*About this task:* Starting at the line that holds "Blaisantvest foto 11" and stopping at the line that holds "AUDI A3 LIFT", restate the records below word for word, with both of those lines included.

*Study material:*
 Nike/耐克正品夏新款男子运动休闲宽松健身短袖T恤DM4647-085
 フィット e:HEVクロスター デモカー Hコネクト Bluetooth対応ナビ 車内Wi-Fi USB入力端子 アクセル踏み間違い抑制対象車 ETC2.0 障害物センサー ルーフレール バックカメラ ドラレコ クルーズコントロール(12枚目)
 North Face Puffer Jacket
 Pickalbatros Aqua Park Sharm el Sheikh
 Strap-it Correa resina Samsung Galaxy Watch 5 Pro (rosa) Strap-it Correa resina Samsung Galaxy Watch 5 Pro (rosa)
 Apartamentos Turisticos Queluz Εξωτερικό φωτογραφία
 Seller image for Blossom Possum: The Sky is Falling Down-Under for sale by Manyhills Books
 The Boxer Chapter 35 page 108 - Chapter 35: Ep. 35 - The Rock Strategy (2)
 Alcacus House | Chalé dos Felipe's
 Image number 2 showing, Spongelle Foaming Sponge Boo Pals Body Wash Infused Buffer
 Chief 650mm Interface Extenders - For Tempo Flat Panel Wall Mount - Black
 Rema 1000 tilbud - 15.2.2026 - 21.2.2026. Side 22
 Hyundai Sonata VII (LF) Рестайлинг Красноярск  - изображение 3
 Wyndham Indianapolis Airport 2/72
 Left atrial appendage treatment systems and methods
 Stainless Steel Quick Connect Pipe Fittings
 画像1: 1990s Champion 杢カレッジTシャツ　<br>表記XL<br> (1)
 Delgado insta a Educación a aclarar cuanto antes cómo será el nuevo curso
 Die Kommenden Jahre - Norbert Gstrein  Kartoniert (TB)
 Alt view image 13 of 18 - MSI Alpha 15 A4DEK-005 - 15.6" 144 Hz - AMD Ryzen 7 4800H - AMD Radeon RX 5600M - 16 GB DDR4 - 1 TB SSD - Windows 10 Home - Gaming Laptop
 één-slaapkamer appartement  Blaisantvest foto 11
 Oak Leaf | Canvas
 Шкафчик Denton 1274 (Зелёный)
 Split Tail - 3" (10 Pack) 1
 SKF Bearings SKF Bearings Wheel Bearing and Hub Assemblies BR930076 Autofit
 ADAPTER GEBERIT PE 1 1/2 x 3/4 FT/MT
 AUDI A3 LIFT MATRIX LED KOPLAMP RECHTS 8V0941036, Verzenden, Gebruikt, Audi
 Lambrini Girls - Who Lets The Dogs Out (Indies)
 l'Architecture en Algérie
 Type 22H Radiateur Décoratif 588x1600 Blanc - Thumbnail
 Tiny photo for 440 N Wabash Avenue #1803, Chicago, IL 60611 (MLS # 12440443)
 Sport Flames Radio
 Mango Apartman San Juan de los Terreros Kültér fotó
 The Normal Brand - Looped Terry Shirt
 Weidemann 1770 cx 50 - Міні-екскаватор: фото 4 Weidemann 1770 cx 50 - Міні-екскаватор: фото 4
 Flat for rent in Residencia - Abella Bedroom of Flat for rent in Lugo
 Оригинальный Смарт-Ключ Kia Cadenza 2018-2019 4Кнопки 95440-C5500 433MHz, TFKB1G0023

*Written answer:*
 één-slaapkamer appartement  Blaisantvest foto 11
 Oak Leaf | Canvas
 Шкафчик Denton 1274 (Зелёный)
 Split Tail - 3" (10 Pack) 1
 SKF Bearings SKF Bearings Wheel Bearing and Hub Assemblies BR930076 Autofit
 ADAPTER GEBERIT PE 1 1/2 x 3/4 FT/MT
 AUDI A3 LIFT MATRIX LED KOPLAMP RECHTS 8V0941036, Verzenden, Gebruikt, Audi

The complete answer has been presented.